A lot of my fish that have been caught on lives or deads have been caught on floats. (61%) I just love see that moment when the float cocks, or lays flat and then slides off into the deeps. Yet apart from the aesthetic appeal, I also think that a better form of bite indication has yet to be invented. A float can tell you so much more than a drop off: the direction of the take, the savagery and speed of the run, and, although I seldom wait that long, it can also tell you whether the fish has turned the bait. Of course some pike still munch their food on the spot, kind of like those people who open a packet of crisps in the supermarket and wander around the store eating them, before finally paying for the empty packet at the checkout. I just believe that with a belt and braces approach, the risk of deep hooking is minimised. I’m amazed at the amount of times my Delk bleeps well before there’s any movement on the float. Justification in my eyes for using both when you can.

I have taken a couple of friends fishing who have managed bigger fish than thirteen pounds. That can necessitate a trip to the Doctors surgery in search of a prescription for sleeping tablets, let me tell you, but I’m pretty laid back about it all now. Not! On one trip, a friend and I were wandering along the banks of a drain on a bright February afternoon. My daughter was along with us for the fresh air and the walk, being about 6 or 7 then, and she was as good as gold, having been fishing with me on several occasions in the past, often with other friends. Anyway to reduce another great story due to the constraints of what, you the reader may consider to be the bounds of boredom, we had three fish between us. I caught a jack of around 6 pounds on a Professor, (one of my all time favourite lures – oooh, that flash!!) together with a lovely 13.03 on an Abu Hi-Low. Up until this stage Ray had caught nothing. My daughter was very impressed with the double, peering into its mouth as I showed her all the teeth, with an awed expression. I was just gently returning her to the drain (the fish not my daughter, you understand) when we heard a yell from around the corner of the drain. We both trotted across the field to see Ray just netting a lovely fish of what proved to be 15.12, which in itself was bad enough, but as I was taking the photograph Laura-Anne piped up with a comment I have often screamed as I sit bolt upright from my sleep at three in the morning, sweat matting my hair to my forehead and tears running down my face:

‘’Gosh, Uncle Ray, yours is much bigger than my Daddy’s, everybody’s is bigger than Daddy’s!’’
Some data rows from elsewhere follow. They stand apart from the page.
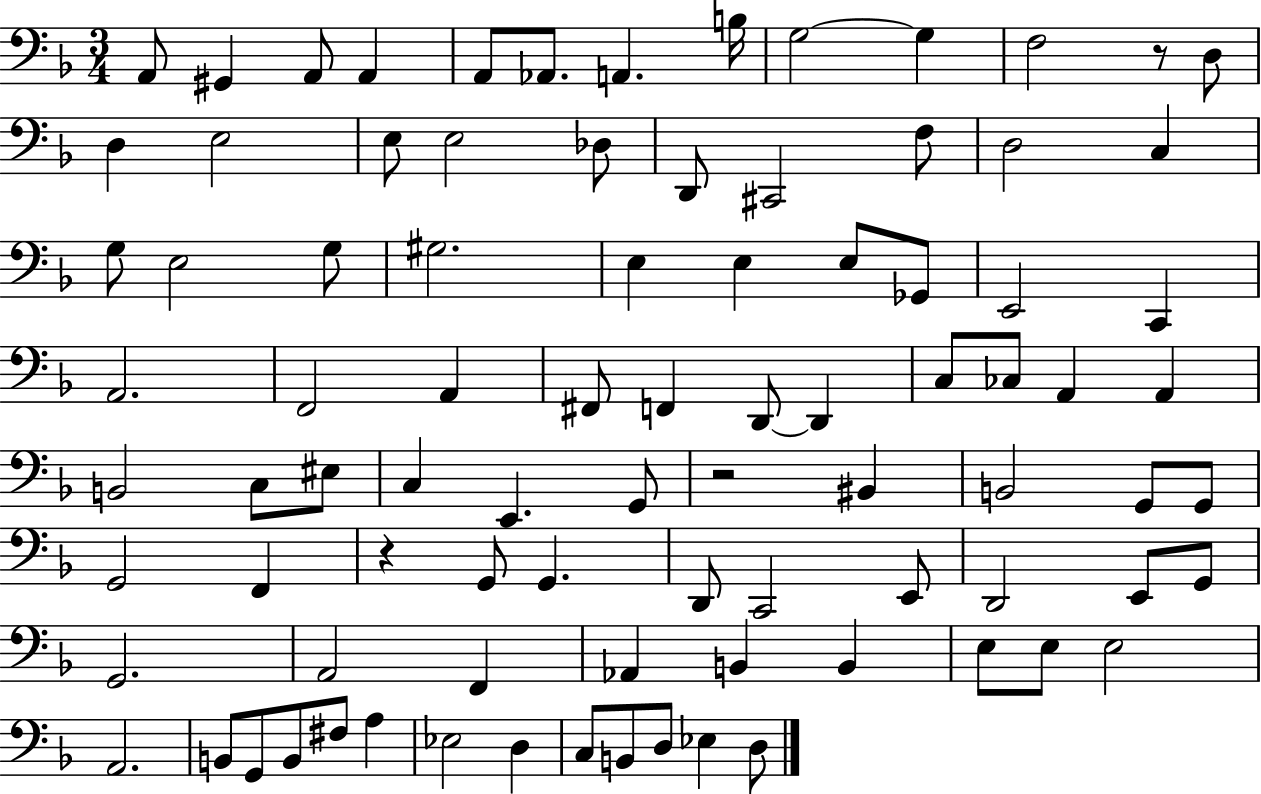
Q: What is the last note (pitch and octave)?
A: D3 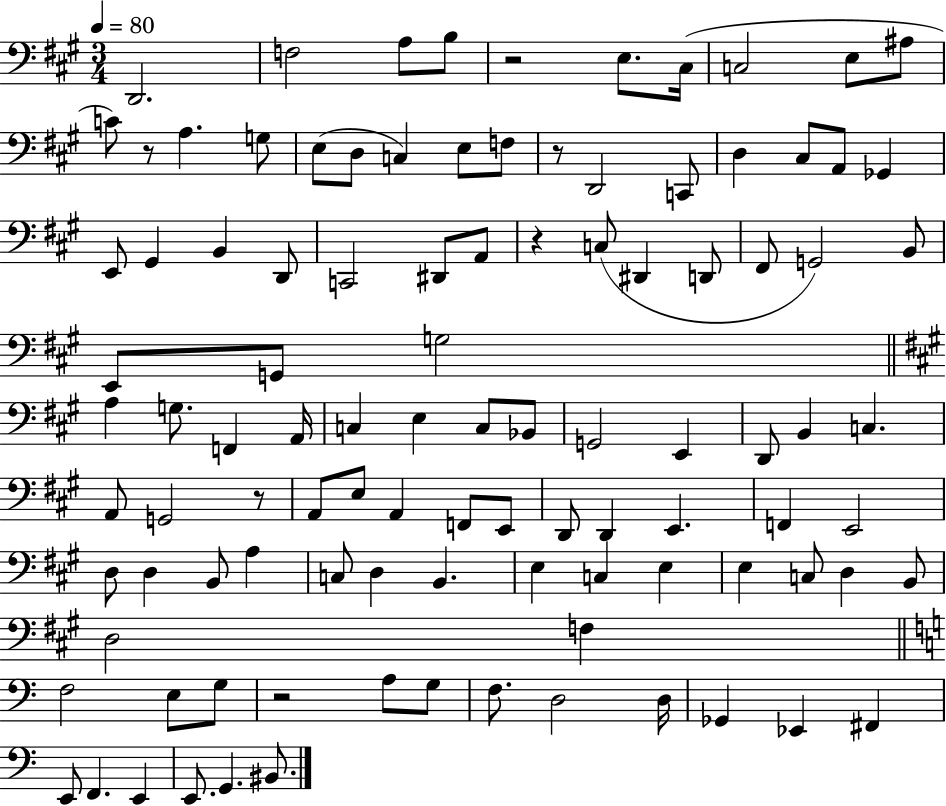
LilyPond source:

{
  \clef bass
  \numericTimeSignature
  \time 3/4
  \key a \major
  \tempo 4 = 80
  d,2. | f2 a8 b8 | r2 e8. cis16( | c2 e8 ais8 | \break c'8) r8 a4. g8 | e8( d8 c4) e8 f8 | r8 d,2 c,8 | d4 cis8 a,8 ges,4 | \break e,8 gis,4 b,4 d,8 | c,2 dis,8 a,8 | r4 c8( dis,4 d,8 | fis,8 g,2) b,8 | \break e,8 g,8 g2 | \bar "||" \break \key a \major a4 g8. f,4 a,16 | c4 e4 c8 bes,8 | g,2 e,4 | d,8 b,4 c4. | \break a,8 g,2 r8 | a,8 e8 a,4 f,8 e,8 | d,8 d,4 e,4. | f,4 e,2 | \break d8 d4 b,8 a4 | c8 d4 b,4. | e4 c4 e4 | e4 c8 d4 b,8 | \break d2 f4 | \bar "||" \break \key c \major f2 e8 g8 | r2 a8 g8 | f8. d2 d16 | ges,4 ees,4 fis,4 | \break e,8 f,4. e,4 | e,8. g,4. bis,8. | \bar "|."
} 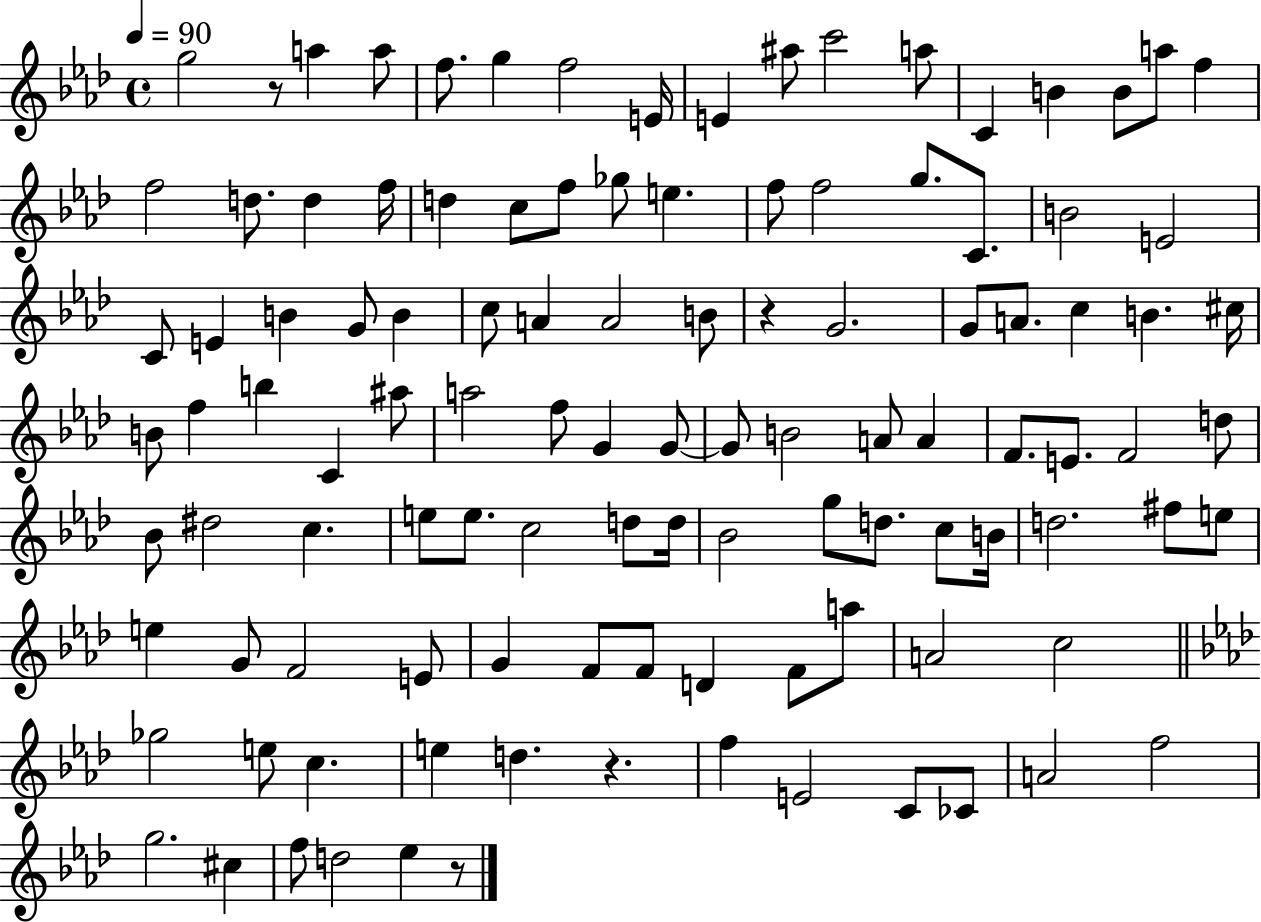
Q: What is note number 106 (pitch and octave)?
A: D5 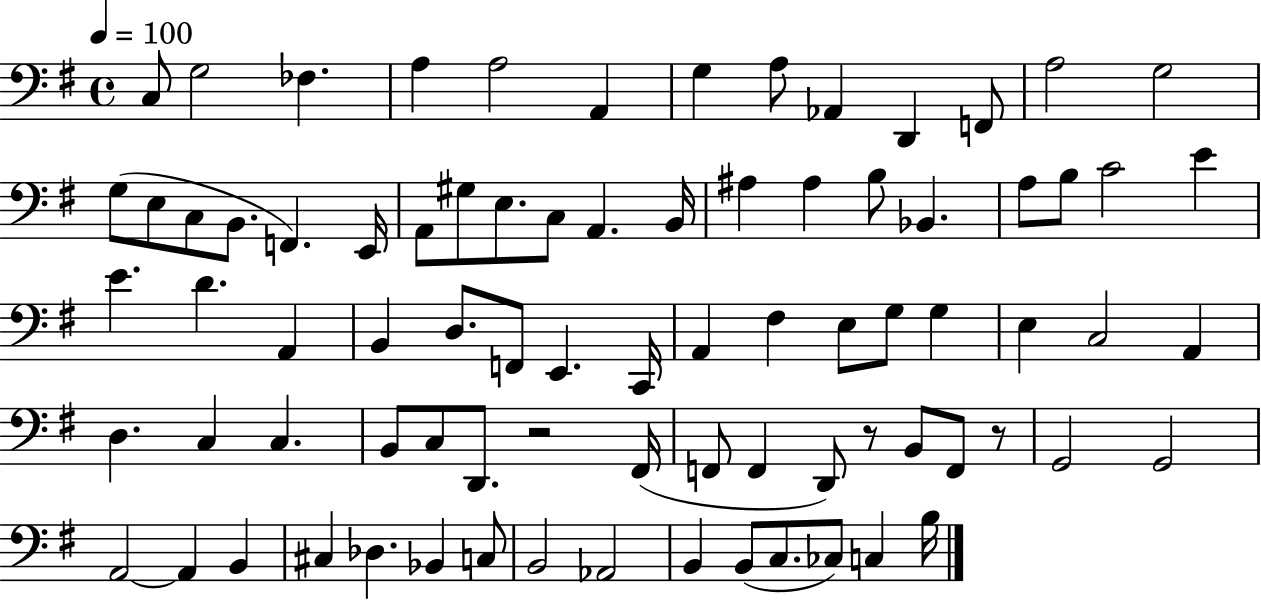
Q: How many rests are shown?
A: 3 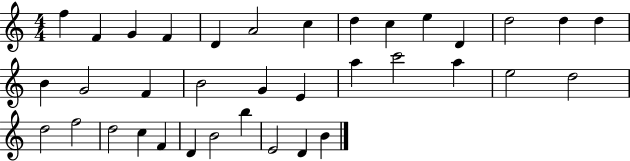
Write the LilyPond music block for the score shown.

{
  \clef treble
  \numericTimeSignature
  \time 4/4
  \key c \major
  f''4 f'4 g'4 f'4 | d'4 a'2 c''4 | d''4 c''4 e''4 d'4 | d''2 d''4 d''4 | \break b'4 g'2 f'4 | b'2 g'4 e'4 | a''4 c'''2 a''4 | e''2 d''2 | \break d''2 f''2 | d''2 c''4 f'4 | d'4 b'2 b''4 | e'2 d'4 b'4 | \break \bar "|."
} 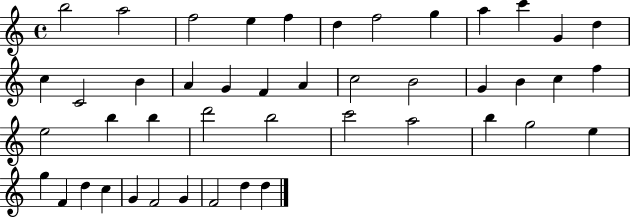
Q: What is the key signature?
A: C major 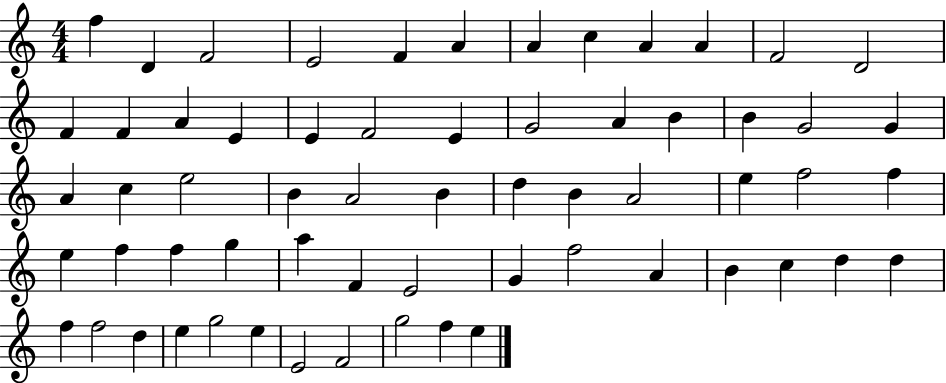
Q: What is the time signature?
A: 4/4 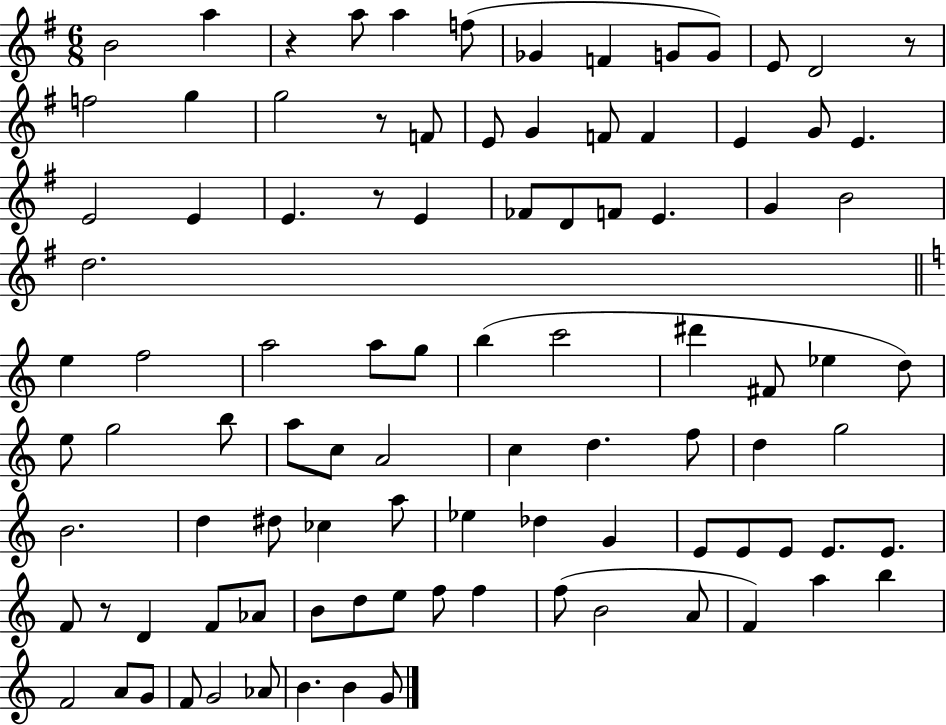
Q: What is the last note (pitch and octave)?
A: G4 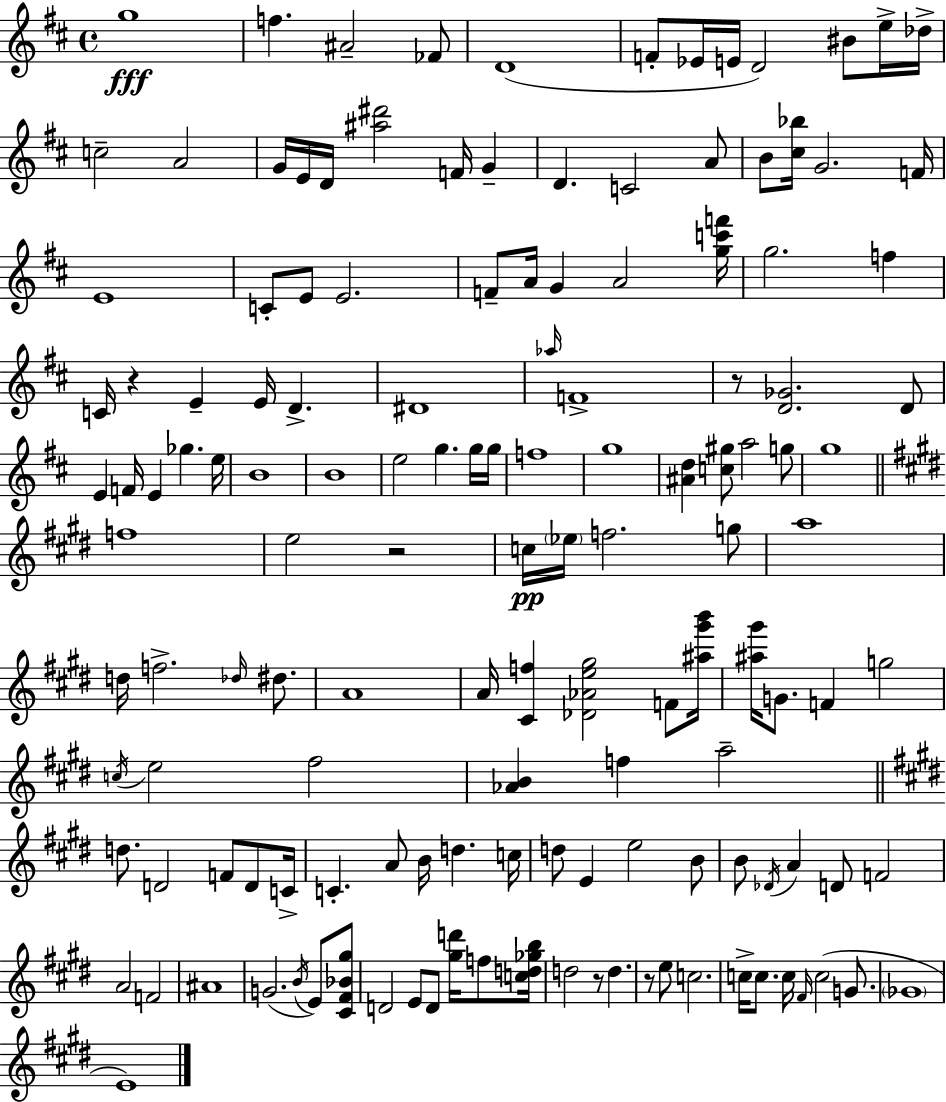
G5/w F5/q. A#4/h FES4/e D4/w F4/e Eb4/s E4/s D4/h BIS4/e E5/s Db5/s C5/h A4/h G4/s E4/s D4/s [A#5,D#6]/h F4/s G4/q D4/q. C4/h A4/e B4/e [C#5,Bb5]/s G4/h. F4/s E4/w C4/e E4/e E4/h. F4/e A4/s G4/q A4/h [G5,C6,F6]/s G5/h. F5/q C4/s R/q E4/q E4/s D4/q. D#4/w Ab5/s F4/w R/e [D4,Gb4]/h. D4/e E4/q F4/s E4/q Gb5/q. E5/s B4/w B4/w E5/h G5/q. G5/s G5/s F5/w G5/w [A#4,D5]/q [C5,G#5]/e A5/h G5/e G5/w F5/w E5/h R/h C5/s Eb5/s F5/h. G5/e A5/w D5/s F5/h. Db5/s D#5/e. A4/w A4/s [C#4,F5]/q [Db4,Ab4,E5,G#5]/h F4/e [A#5,G#6,B6]/s [A#5,G#6]/s G4/e. F4/q G5/h C5/s E5/h F#5/h [Ab4,B4]/q F5/q A5/h D5/e. D4/h F4/e D4/e C4/s C4/q. A4/e B4/s D5/q. C5/s D5/e E4/q E5/h B4/e B4/e Db4/s A4/q D4/e F4/h A4/h F4/h A#4/w G4/h. B4/s E4/e [C#4,F#4,Bb4,G#5]/e D4/h E4/e D4/e [G#5,D6]/s F5/e [C5,D5,Gb5,B5]/s D5/h R/e D5/q. R/e E5/e C5/h. C5/s C5/e. C5/s F#4/s C5/h G4/e. Gb4/w E4/w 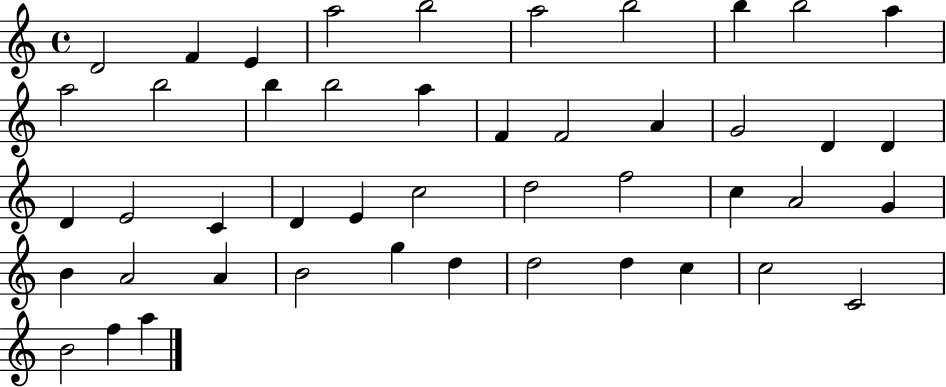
{
  \clef treble
  \time 4/4
  \defaultTimeSignature
  \key c \major
  d'2 f'4 e'4 | a''2 b''2 | a''2 b''2 | b''4 b''2 a''4 | \break a''2 b''2 | b''4 b''2 a''4 | f'4 f'2 a'4 | g'2 d'4 d'4 | \break d'4 e'2 c'4 | d'4 e'4 c''2 | d''2 f''2 | c''4 a'2 g'4 | \break b'4 a'2 a'4 | b'2 g''4 d''4 | d''2 d''4 c''4 | c''2 c'2 | \break b'2 f''4 a''4 | \bar "|."
} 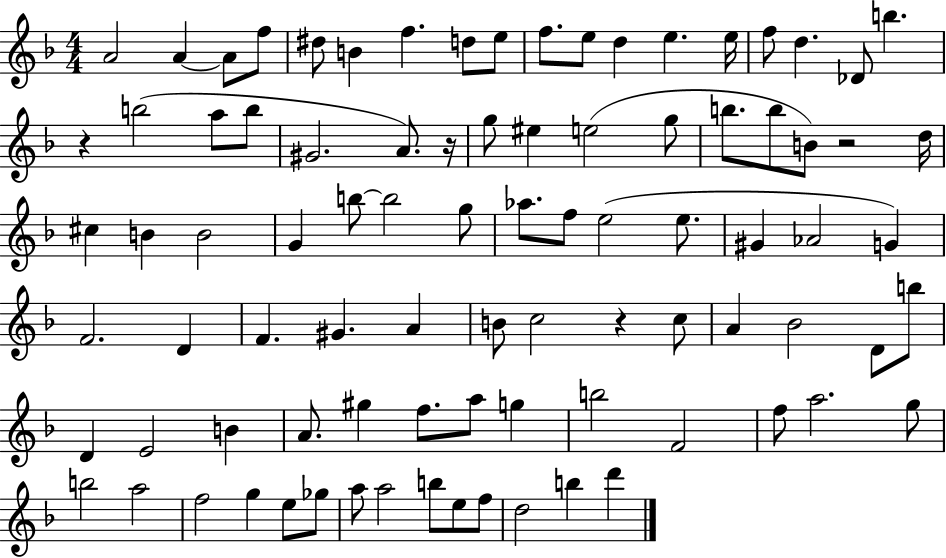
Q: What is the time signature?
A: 4/4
It’s not that I feel pressured to catch big fish, it really isn’t, honest; it just seems unfair that one person should be unable to exceed the figure thirteen by even one ounce. That’s just one more small Gudgeon or two more minnows, even an inadvertent pebble would do it. I even tried to think of a way that I could get the fish to swallow my bait but not the hooks in order to beat the 13 pound barrier; experimenting with hair rigs for a while. However, I wouldn’t put the fish in any danger if I could help it and find that leaving a run for any amount of time at all is anathema to me.

This year on February the fifteenth at 8 o’clock in the morning, on the same drain that I discussed above, I hooked and landed a lovely fish of 16.04, caught on float legered joey mackerel. As I looked lovingly down at her, the clouds parted and a brilliant beam of sunshine poured down upon the glistening golden flanks of the fish. I heard my first skylark and then another and another. Suddenly all the birds were singing, surrounding me with their song. Sheep walked across the field to gaze adoringly on the golden green flanked beauty. Somewhere nearby a choir started to sing!

By the way, guess what my biggest carp weighed?

Yep thirteen pounds, fifteen ounces!